I read the cppreference page for operator overloading - "binary arithmetic operators". I was confused by a comment in a piece of code, which encouraged passing by value, instead of reference, for compiler optimisation. I'm not experienced so I might've missed some information, but to my knowledge, passing by reference is encouraged over passing by value when possible.
First example:
class A {
public:
A& operator+=(A const& rhs) {
/*...*/
return *this;
}
friend A operator+(A lhs, A const& rhs) {
lhs += rhs;
return lhs;
}
};
In this code, it is stated that passing lhs by value in operator+ helps to optimise chained addition. This, to my understanding, stands in contrast to this answer on SO, which states that passing by value prevents "named return value optimisation".
Second example:
inline A operator+(A const& lhs, X const& rhs) {
A a = lhs;
a += rhs;
return a;
}
The second example provides A a = lhs;, which, explained by the accepted answer to this thread, states that the optimisation of the first example is true if operator+ is implemented in terms of operator+=.

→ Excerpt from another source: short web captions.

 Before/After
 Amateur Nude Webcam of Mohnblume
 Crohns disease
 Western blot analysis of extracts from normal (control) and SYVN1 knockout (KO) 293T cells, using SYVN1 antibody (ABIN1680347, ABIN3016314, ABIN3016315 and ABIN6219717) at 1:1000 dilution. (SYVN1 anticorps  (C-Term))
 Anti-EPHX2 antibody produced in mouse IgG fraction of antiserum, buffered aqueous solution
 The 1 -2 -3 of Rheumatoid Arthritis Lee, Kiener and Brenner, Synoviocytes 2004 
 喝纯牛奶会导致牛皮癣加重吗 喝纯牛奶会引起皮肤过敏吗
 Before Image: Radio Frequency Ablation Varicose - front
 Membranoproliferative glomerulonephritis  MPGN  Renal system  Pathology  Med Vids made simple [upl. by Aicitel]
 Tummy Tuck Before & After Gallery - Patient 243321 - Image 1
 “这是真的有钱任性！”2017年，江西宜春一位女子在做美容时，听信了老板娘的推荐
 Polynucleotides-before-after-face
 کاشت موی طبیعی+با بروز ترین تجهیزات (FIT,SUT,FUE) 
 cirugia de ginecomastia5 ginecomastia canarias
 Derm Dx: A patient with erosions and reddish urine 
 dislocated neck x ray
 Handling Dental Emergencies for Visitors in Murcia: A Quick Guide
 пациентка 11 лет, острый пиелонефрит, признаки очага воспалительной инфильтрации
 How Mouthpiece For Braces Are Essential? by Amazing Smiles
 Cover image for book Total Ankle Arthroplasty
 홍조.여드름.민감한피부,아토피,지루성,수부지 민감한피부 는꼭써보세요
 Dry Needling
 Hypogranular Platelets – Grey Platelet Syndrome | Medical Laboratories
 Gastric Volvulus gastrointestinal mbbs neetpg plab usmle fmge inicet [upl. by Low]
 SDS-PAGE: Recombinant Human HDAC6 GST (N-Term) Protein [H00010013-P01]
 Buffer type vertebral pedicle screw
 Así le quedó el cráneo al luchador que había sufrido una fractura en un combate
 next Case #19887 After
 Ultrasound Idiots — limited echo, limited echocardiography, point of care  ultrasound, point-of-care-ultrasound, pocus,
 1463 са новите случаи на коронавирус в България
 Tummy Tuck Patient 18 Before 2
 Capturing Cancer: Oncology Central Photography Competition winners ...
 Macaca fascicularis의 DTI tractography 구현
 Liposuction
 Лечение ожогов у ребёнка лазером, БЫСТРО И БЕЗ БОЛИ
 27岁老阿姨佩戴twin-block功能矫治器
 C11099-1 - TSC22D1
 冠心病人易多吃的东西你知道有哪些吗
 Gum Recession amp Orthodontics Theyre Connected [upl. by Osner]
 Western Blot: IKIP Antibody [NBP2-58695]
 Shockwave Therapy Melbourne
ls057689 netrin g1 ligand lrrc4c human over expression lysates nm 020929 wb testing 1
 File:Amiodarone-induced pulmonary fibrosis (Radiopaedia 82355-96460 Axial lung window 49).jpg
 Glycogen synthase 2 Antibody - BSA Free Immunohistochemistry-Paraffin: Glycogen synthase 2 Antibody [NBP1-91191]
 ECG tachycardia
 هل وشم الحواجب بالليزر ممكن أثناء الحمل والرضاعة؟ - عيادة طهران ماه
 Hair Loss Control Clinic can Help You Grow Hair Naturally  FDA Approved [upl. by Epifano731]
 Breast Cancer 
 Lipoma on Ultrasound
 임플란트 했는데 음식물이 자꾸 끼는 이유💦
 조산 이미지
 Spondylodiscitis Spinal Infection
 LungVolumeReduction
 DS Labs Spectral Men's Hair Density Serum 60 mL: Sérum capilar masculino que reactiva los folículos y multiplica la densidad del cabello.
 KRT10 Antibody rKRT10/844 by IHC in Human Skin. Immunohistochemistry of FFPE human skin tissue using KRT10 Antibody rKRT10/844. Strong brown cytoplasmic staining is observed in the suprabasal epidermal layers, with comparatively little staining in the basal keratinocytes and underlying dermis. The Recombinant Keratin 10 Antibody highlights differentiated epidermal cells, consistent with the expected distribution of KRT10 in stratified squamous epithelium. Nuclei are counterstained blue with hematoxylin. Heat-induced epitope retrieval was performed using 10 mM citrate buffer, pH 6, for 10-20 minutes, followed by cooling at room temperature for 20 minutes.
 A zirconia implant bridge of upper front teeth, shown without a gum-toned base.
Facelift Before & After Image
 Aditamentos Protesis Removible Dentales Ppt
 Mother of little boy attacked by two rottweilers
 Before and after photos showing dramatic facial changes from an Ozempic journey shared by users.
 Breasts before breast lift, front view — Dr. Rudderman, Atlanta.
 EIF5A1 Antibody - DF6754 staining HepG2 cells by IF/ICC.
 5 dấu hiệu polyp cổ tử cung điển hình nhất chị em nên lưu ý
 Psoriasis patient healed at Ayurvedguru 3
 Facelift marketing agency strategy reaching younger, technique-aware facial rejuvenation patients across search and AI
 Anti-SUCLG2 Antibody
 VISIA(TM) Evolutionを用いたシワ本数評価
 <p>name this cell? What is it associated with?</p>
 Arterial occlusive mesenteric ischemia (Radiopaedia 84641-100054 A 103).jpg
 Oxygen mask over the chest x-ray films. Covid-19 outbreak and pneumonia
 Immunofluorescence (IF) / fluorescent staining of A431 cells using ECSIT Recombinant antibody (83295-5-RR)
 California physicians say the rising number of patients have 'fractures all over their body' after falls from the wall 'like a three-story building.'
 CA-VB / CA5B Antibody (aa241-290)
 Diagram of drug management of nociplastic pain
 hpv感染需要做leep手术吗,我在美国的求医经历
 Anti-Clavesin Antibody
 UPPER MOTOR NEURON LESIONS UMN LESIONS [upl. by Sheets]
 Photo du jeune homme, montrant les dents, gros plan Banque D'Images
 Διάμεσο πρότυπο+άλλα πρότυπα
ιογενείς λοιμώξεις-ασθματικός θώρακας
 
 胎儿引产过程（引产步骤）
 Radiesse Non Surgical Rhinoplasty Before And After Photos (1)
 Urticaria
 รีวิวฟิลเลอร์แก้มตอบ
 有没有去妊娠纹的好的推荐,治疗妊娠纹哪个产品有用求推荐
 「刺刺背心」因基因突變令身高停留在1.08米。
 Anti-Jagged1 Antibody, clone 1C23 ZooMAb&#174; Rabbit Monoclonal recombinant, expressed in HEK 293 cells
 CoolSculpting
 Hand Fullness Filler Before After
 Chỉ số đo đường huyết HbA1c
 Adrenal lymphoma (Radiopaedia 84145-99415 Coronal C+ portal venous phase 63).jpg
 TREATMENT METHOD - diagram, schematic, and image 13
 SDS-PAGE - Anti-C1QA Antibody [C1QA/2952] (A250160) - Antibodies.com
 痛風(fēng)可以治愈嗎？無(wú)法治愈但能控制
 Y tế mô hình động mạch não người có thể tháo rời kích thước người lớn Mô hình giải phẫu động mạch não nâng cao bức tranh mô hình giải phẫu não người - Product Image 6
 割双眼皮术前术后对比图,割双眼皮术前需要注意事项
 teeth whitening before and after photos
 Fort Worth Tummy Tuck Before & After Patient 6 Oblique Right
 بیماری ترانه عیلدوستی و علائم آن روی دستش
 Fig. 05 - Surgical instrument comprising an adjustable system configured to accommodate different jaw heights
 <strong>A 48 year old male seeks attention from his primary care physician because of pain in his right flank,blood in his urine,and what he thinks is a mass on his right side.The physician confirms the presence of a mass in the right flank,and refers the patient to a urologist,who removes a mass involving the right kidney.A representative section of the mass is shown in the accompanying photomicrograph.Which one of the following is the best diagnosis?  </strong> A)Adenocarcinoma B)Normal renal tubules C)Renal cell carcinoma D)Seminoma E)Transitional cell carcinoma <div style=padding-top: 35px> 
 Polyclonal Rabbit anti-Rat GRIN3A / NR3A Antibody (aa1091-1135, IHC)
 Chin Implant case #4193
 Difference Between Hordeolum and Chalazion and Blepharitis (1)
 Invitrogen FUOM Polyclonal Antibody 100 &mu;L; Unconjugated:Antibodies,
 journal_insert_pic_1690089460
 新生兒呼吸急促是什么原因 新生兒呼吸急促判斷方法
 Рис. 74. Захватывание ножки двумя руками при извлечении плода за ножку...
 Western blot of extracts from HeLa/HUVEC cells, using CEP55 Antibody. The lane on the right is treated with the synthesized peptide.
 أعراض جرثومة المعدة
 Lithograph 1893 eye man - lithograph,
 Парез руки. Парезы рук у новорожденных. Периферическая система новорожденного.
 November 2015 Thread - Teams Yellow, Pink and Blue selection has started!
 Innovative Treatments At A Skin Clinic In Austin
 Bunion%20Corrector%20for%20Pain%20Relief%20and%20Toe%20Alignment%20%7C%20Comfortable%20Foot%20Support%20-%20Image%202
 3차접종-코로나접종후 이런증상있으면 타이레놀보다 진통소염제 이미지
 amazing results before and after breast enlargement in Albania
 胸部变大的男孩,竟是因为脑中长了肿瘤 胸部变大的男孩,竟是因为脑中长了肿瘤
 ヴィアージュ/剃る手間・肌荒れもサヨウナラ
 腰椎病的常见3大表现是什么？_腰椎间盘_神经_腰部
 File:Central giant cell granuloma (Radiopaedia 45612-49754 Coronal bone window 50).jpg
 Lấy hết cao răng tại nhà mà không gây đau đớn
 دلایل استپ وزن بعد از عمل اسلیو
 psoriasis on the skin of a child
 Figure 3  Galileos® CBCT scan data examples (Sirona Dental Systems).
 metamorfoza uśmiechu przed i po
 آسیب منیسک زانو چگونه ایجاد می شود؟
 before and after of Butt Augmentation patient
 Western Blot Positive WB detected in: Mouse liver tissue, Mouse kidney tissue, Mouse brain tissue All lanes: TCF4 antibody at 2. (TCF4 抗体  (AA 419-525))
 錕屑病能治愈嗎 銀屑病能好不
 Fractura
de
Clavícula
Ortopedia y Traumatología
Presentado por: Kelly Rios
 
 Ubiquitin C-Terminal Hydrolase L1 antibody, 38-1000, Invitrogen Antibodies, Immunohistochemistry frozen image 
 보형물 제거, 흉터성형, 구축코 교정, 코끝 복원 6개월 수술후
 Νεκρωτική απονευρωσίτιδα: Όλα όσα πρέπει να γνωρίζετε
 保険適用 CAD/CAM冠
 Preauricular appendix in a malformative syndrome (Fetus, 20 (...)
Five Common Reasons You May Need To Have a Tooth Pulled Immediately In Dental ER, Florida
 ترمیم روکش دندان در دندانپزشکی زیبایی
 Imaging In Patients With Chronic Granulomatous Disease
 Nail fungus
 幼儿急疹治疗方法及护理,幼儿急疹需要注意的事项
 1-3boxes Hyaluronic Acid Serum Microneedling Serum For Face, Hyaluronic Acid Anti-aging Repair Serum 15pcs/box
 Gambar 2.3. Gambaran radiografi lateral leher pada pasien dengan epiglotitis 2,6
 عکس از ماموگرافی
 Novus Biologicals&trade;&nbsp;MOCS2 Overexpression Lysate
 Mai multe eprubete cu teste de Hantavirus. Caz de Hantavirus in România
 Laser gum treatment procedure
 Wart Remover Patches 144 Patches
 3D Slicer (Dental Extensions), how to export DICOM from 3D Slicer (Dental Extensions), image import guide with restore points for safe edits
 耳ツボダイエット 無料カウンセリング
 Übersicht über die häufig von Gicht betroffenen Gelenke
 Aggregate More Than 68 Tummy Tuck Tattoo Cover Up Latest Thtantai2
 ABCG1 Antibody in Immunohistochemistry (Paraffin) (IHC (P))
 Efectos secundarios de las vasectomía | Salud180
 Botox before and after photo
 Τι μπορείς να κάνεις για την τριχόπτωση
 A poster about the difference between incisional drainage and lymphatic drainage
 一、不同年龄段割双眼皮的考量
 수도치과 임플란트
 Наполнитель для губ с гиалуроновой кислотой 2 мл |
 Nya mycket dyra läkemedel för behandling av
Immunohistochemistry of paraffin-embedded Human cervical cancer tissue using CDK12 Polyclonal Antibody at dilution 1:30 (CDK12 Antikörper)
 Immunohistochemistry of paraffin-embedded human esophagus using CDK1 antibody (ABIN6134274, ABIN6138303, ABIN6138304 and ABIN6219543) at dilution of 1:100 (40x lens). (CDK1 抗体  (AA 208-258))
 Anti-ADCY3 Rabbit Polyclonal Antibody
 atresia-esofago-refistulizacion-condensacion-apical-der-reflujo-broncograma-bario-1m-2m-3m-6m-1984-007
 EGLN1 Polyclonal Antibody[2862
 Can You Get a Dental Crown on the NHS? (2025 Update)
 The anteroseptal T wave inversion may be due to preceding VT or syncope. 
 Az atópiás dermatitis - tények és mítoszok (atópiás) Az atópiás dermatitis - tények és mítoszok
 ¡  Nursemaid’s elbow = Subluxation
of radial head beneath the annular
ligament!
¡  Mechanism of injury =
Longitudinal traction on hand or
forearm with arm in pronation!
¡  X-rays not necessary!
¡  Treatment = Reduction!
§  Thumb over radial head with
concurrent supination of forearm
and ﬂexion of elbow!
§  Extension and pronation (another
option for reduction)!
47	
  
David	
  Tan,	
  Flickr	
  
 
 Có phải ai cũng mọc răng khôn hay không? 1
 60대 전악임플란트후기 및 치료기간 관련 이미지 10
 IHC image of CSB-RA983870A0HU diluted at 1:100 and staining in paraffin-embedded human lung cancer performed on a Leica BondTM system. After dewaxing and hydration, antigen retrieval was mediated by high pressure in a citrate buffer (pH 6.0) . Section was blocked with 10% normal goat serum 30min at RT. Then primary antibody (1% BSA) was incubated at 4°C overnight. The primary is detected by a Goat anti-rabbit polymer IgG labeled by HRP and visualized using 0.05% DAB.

Is the optimisation of the first example true if operator+ is implemented without operator+=?
Which of these implementations are preferred for computational efficiency, provided that the second example includes "named return value optimisation" ?
Is there any other reason to prefer one over the other?
The essence of this advice is to generally prefer passing a function parameter by value instead of copying inside the function. The reason is that passing by value involves copying only if the actual argument is lvalue, otherwise it involves moving. Consider:
Matrix a, b, c;
//...
Matrix d = a + b + c;
Here, operator+() will be called twice, 2nd time with a temporary object a+b as its 1st argument. If the 1st parameter of operator+() is passed by value, then this 2nd addition involves moving instead of copying.
Is the optimisation of the first example true if operator+ is implemented without operator+=?
No, because in this case there is no copying inside operator+().